HOW TO COMPLETE THIS TASK:
Restate the data below word for word, omitting pictures.

(GIVEN INFORMATION)

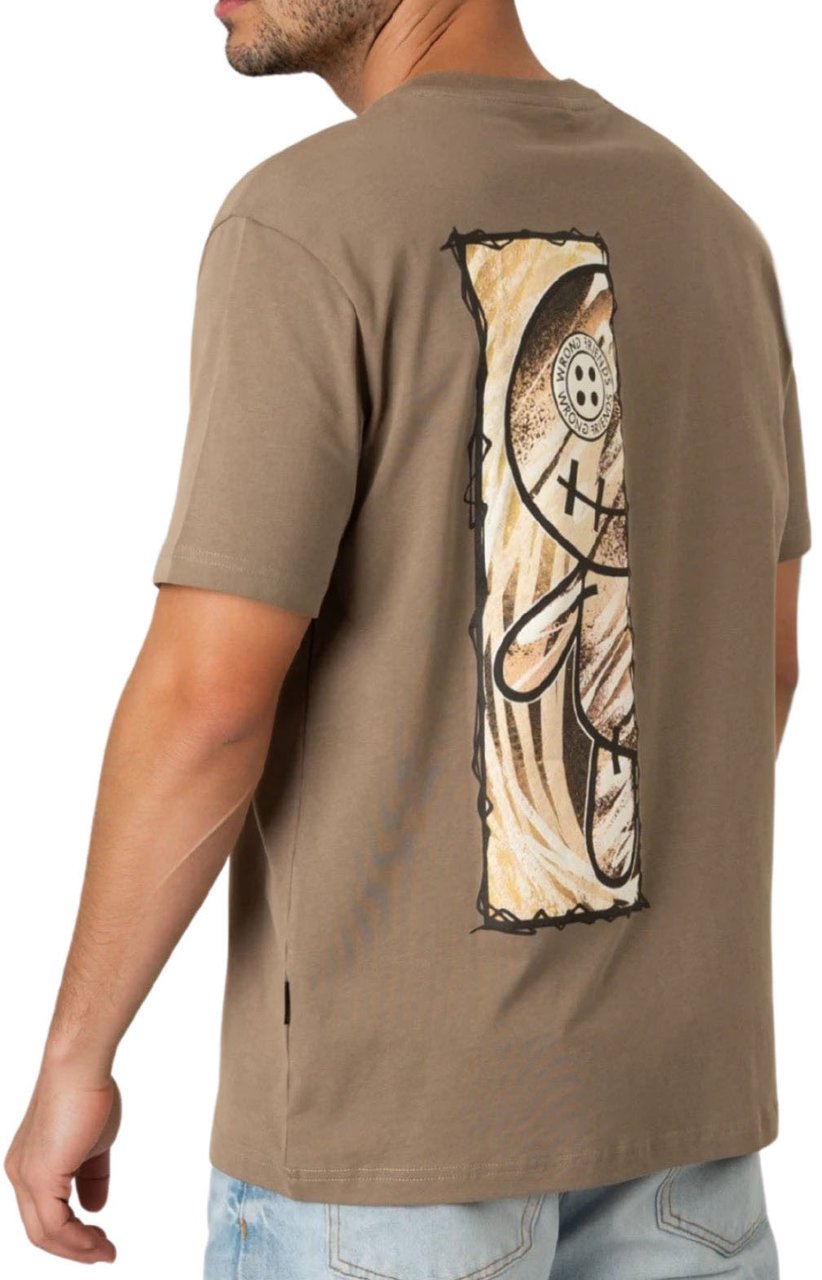Wrong Friends CABRI T-SHIRT - KHAKI Zwart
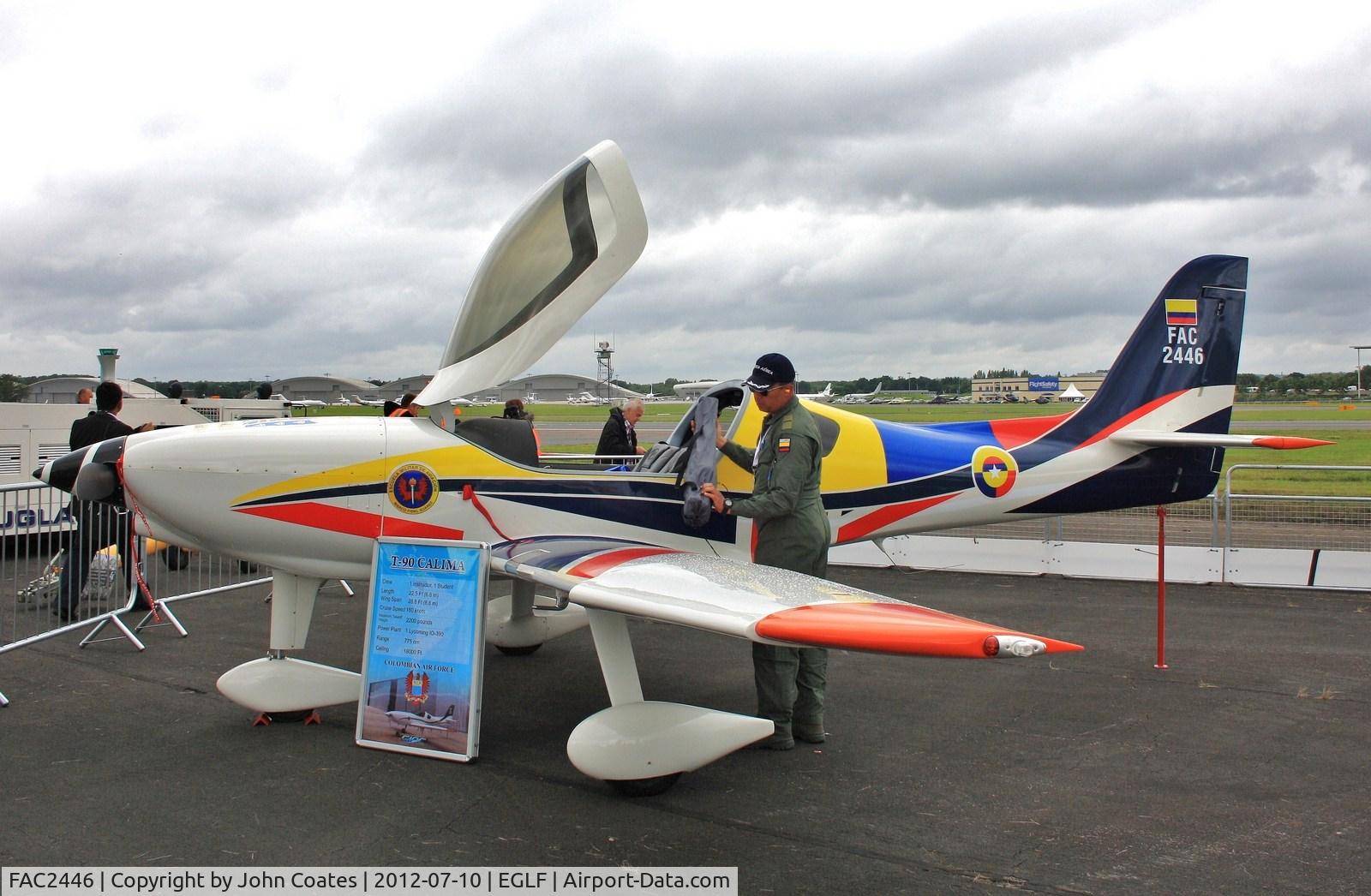 FAC2446, 2012 Lancair-CIAC T-90 Calima C/N 7, At FIA 2012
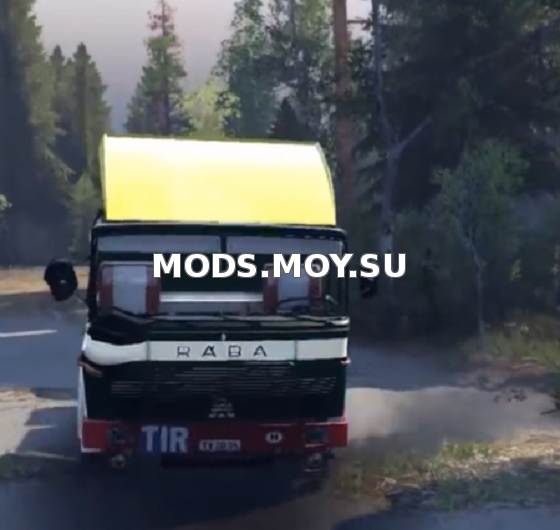 Raba MAN для SPIN TIRES 2014
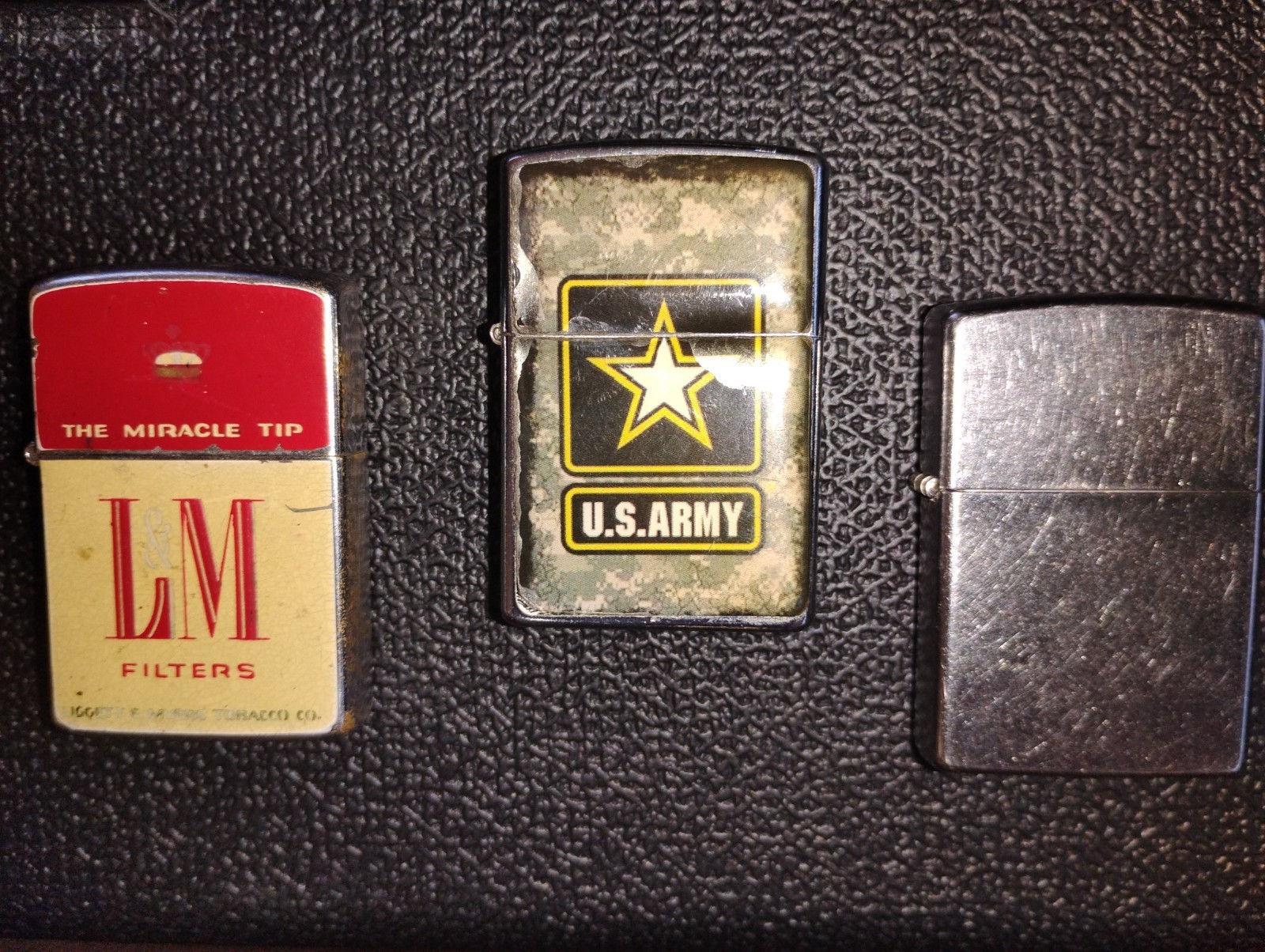 vintage zippo lighter lot collection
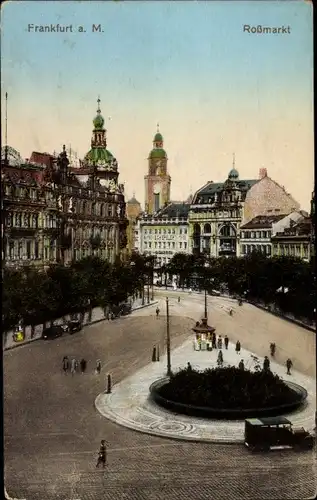 Ak Frankfurt am Main, Roßmarkt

(End GIVEN INFORMATION)

WRITTEN RESPONSE:
Wrong Friends CABRI T-SHIRT - KHAKI Zwart
 FAC2446, 2012 Lancair-CIAC T-90 Calima C/N 7, At FIA 2012
 Raba MAN для SPIN TIRES 2014
 vintage zippo lighter lot collection
 Ak Frankfurt am Main, Roßmarkt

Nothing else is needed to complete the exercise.